Using medical cannabis for pain management to be topic of talk
Michael Backes, a renowned medical cannabis researcher and author of “Cannabis Pharmacy,” will be at University of Hawaii Maui College from 1 to 3 p.m. Saturday to discuss medical cannabis and chronic pain.
Backes, a member of Maui Grown Therapies Science & Medical Advisory Board, will share the latest research on cannabinoids in pain management and how medical cannabis, under a physician’s supervision, may provide an adjunct or alternative to prescription opiates in the treatment of pain.
The $20 event fee includes class materials and a hot buffet lunch at the Leis Family Class Act Restaurant. Seating is limited; tickets are available at www.cannabisforpain.eventbrite.com.
Pain is the most common condition for which physicians recommend cannabis and for which patients report using it. According to the Hawaii Department of Health, 65 percent of the state’s registered patients use cannabis therapy to manage pain.

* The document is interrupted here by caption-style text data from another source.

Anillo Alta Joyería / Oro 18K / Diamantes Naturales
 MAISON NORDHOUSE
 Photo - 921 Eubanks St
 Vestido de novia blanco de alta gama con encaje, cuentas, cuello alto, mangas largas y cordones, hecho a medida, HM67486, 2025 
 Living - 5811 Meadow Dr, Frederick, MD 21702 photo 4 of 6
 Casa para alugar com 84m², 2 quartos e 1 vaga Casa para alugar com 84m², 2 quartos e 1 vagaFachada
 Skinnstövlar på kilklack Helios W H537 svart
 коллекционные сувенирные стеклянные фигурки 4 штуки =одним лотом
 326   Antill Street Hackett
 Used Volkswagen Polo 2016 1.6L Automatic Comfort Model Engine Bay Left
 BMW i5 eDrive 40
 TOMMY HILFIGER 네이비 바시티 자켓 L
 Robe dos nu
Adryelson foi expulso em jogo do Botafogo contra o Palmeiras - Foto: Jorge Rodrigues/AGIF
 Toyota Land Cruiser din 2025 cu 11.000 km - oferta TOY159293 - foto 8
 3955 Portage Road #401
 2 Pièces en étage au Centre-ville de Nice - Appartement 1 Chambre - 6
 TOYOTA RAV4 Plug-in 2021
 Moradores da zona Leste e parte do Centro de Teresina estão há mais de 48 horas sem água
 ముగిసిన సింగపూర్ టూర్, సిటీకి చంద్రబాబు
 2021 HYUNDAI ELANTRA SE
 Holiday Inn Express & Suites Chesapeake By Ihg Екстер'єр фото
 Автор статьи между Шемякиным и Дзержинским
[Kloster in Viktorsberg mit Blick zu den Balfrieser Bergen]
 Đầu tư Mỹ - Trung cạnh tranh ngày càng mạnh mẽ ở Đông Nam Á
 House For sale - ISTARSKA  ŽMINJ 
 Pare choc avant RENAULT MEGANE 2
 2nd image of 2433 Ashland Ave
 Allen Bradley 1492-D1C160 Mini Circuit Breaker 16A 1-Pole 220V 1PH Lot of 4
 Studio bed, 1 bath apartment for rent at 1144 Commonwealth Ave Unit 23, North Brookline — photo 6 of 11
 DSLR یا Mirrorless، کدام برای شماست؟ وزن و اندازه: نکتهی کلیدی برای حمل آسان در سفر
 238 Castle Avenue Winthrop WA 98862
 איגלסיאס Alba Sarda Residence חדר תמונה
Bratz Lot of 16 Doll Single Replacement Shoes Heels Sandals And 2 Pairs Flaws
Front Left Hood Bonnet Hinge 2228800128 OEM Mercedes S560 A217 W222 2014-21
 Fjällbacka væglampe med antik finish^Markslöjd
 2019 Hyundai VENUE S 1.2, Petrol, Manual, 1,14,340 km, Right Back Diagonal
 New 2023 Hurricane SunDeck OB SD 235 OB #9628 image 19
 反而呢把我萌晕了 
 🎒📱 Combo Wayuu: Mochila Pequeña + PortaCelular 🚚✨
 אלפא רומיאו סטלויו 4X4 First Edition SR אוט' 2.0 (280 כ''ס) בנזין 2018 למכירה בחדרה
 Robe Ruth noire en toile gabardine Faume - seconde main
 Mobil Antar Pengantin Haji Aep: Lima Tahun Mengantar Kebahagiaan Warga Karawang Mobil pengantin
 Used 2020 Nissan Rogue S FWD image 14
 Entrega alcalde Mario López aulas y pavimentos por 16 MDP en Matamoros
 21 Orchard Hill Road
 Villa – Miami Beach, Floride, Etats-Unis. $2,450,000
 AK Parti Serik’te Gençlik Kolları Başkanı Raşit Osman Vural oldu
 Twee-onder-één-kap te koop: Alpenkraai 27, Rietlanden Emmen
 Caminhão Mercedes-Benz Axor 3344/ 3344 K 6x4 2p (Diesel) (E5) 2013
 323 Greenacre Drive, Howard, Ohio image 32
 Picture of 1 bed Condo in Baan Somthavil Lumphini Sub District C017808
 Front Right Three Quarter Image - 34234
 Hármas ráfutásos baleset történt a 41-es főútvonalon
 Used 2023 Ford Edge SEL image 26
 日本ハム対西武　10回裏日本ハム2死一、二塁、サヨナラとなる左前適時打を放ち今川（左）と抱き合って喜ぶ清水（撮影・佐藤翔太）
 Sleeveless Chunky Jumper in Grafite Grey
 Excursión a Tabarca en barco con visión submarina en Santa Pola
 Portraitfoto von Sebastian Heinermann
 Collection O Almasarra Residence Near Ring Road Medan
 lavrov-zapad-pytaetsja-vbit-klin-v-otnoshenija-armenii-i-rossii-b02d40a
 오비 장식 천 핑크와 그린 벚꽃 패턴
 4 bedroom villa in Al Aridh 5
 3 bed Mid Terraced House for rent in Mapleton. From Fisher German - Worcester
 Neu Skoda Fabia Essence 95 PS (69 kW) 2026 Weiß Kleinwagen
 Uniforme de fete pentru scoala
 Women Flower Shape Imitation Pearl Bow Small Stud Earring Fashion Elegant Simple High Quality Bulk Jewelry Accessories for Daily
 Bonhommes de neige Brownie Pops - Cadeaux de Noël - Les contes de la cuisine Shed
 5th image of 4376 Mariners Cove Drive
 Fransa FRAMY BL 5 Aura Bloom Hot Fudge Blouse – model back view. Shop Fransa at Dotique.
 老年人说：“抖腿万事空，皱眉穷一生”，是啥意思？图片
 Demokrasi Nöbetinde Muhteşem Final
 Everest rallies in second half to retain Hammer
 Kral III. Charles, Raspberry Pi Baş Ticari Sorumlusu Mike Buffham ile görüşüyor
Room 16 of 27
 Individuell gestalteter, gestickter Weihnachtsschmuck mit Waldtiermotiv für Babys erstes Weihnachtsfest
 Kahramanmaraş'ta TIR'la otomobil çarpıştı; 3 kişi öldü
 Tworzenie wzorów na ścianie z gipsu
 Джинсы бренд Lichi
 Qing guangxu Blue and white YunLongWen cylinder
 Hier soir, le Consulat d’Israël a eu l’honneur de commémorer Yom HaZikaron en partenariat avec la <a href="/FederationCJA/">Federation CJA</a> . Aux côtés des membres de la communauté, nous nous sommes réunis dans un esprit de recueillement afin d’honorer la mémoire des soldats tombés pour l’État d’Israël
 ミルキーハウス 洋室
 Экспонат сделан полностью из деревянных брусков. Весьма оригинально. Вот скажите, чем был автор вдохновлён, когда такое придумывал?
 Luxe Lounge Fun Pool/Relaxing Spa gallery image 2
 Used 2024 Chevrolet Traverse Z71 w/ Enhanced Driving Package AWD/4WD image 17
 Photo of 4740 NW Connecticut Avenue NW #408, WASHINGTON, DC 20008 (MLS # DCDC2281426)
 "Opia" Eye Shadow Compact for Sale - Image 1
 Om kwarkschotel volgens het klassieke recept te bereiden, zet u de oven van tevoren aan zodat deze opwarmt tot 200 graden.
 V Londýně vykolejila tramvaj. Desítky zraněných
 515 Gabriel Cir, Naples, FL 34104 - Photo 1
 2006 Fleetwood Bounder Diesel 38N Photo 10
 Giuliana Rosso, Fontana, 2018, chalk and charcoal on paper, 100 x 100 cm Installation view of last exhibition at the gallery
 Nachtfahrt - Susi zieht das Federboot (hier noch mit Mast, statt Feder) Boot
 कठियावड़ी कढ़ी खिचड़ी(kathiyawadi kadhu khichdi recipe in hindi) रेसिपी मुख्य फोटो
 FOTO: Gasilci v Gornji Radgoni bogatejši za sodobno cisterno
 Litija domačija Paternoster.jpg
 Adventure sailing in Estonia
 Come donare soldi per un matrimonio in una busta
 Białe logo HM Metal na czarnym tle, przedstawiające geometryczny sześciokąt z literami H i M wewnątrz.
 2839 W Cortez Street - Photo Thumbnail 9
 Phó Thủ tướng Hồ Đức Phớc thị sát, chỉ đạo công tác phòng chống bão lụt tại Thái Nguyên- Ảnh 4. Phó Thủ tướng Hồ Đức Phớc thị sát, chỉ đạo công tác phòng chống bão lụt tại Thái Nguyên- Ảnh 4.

“Cannabis is often effective for providing relief or distraction from several common types of severe pain, including complex regional pain, neuropathies, intractable cancer pain and more,” said Backes. “What many people don’t know is that studies have shown that higher-dose inhaled cannabis often offers no more pain relief than lower doses. In fact, higher doses may result in increased pain. One of the topics I will cover is how patients can find their own optimal dose to manage pain.
“Because chronic pain treatment often involves the use of prescription opiates, I will also discuss how medical cannabis may also be used to reduce the likelihood of opioid dependency and perhaps even some of the symptoms associated with coming off opiates. Cannabis medicines have been considered to be “opioid-sparing” since the Civil War, since cannabis treatments can often reduce the amount of opiates needed to effectively treat pain.”